▸ DIRECTIONS: Could you retype exactly the line containing "Deluxe-sviitti, näköala puutarhaan" and every line after it in the data below, leaving out the pictures?

◆ ◆ ◆ ◆

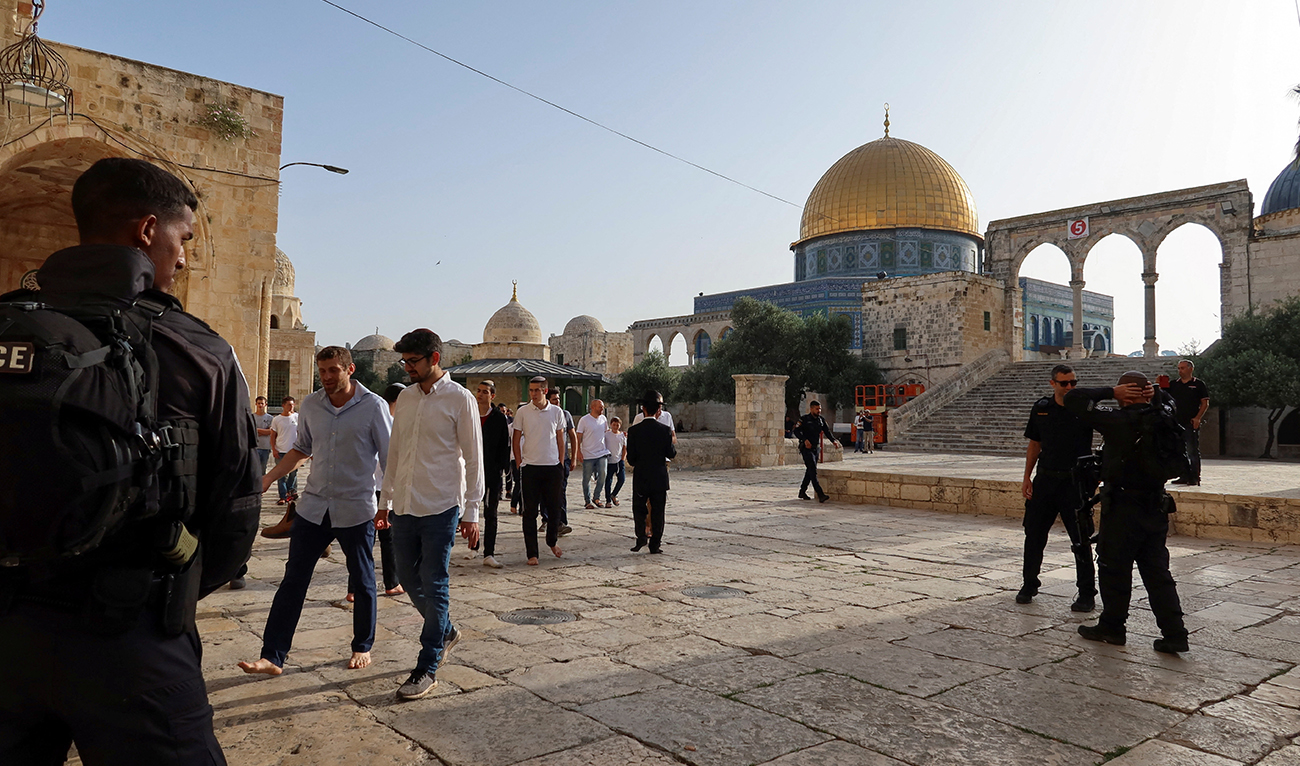 Israeli police stand guard as visitors tour Al-Aqsa compound, known to Jews as Temple Mount, amid tensions ahead of the annual flag march which marks Jerusalem Day, in Jerusalem May 18, 2023. (REUTERS)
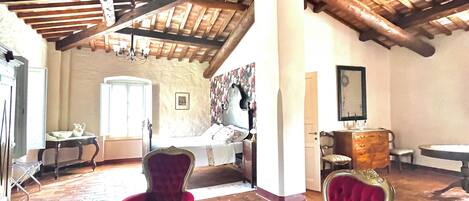 Deluxe-sviitti, näköala puutarhaan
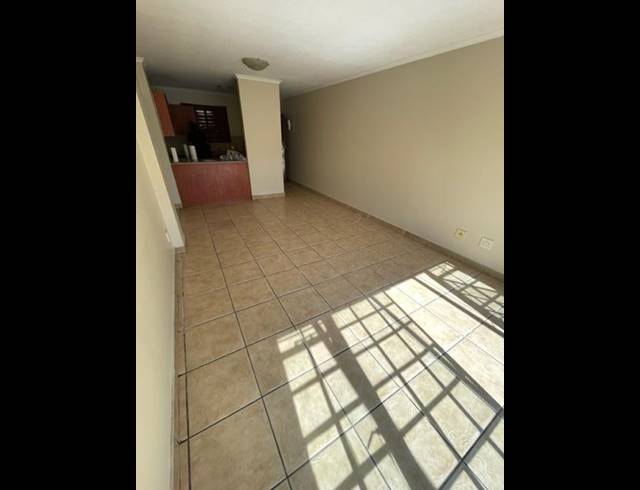 2 BEDROOM APARTMENT FOR SALE IN CASTLEVIEW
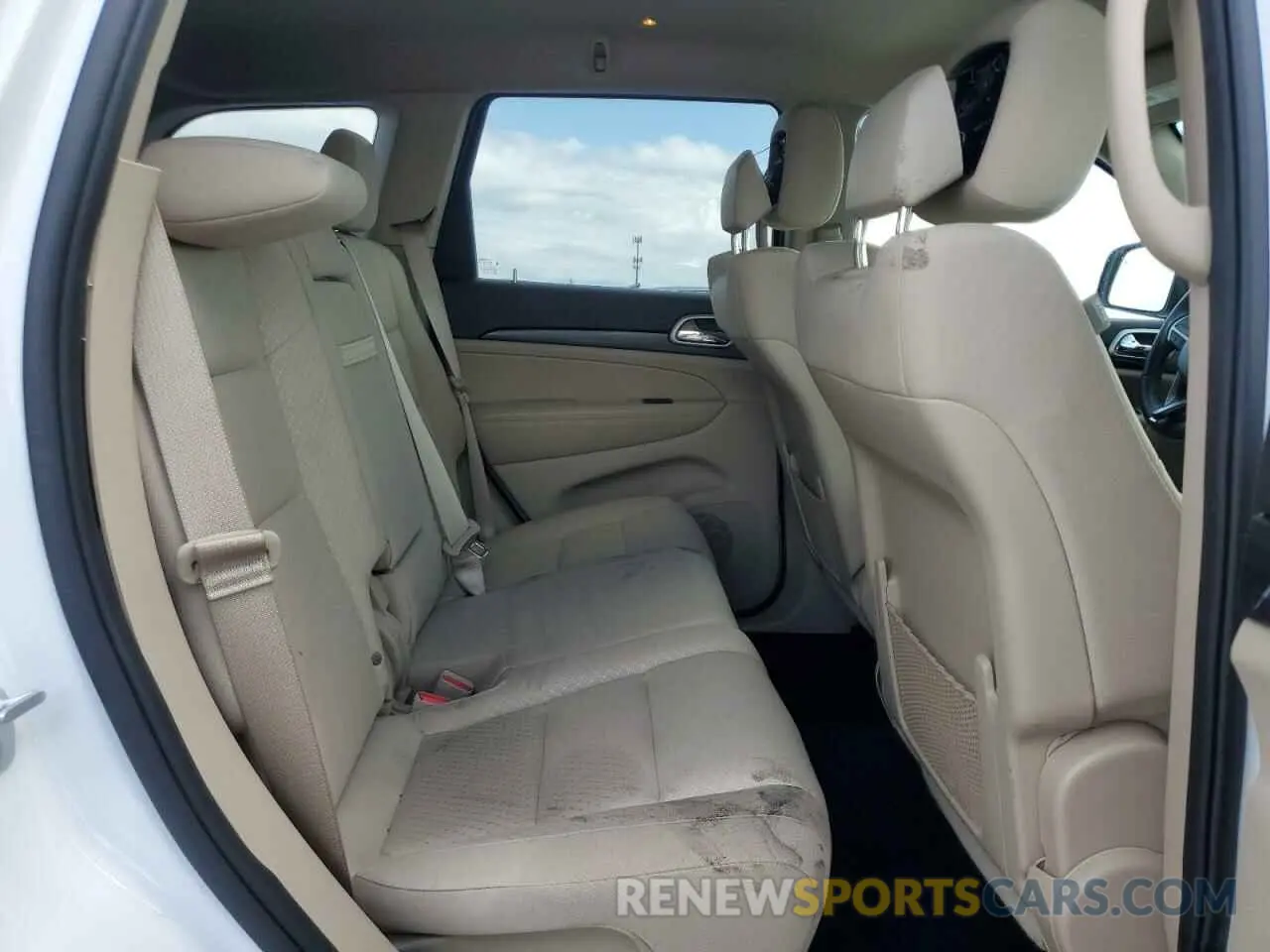 10 Photograph of a damaged car 1C4RJEAG8KC644988 JEEP GRAND CHER 2019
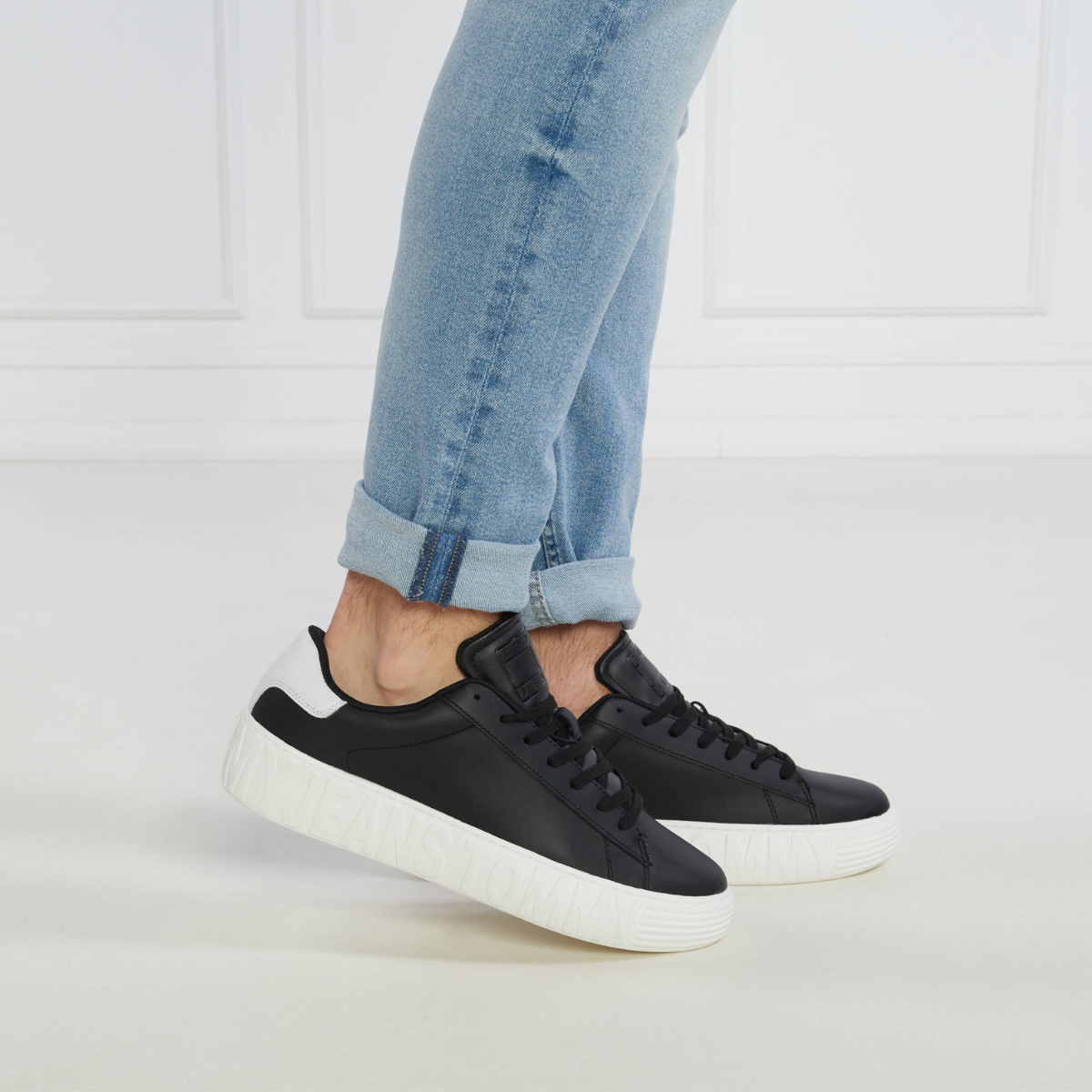 Tommy Hilfiger Jeans Sneakers Leather Outsole EM0EM01159-BLK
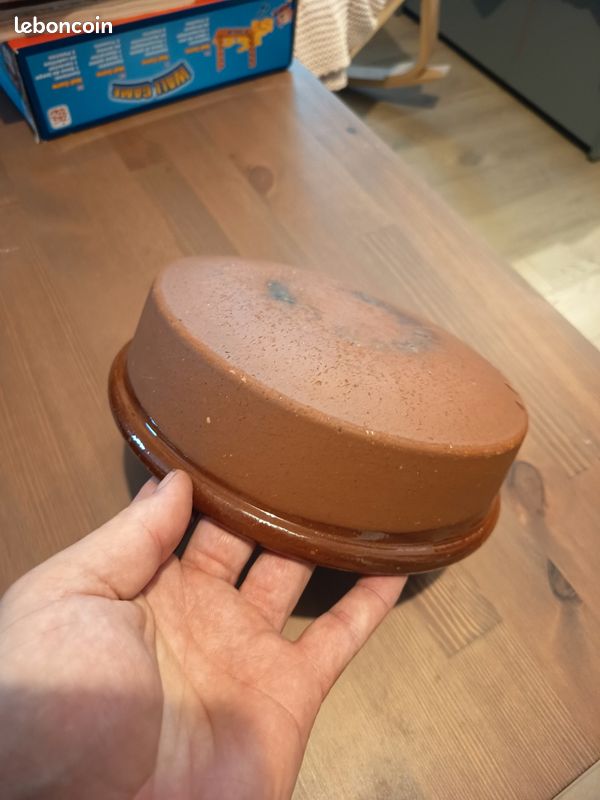 Plat en terre cuite (image 1)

◆ ◆ ◆ ◆

▸ WRITTEN ANSWER:
 Deluxe-sviitti, näköala puutarhaan
 2 BEDROOM APARTMENT FOR SALE IN CASTLEVIEW
 10 Photograph of a damaged car 1C4RJEAG8KC644988 JEEP GRAND CHER 2019
 Tommy Hilfiger Jeans Sneakers Leather Outsole EM0EM01159-BLK
 Plat en terre cuite (image 1)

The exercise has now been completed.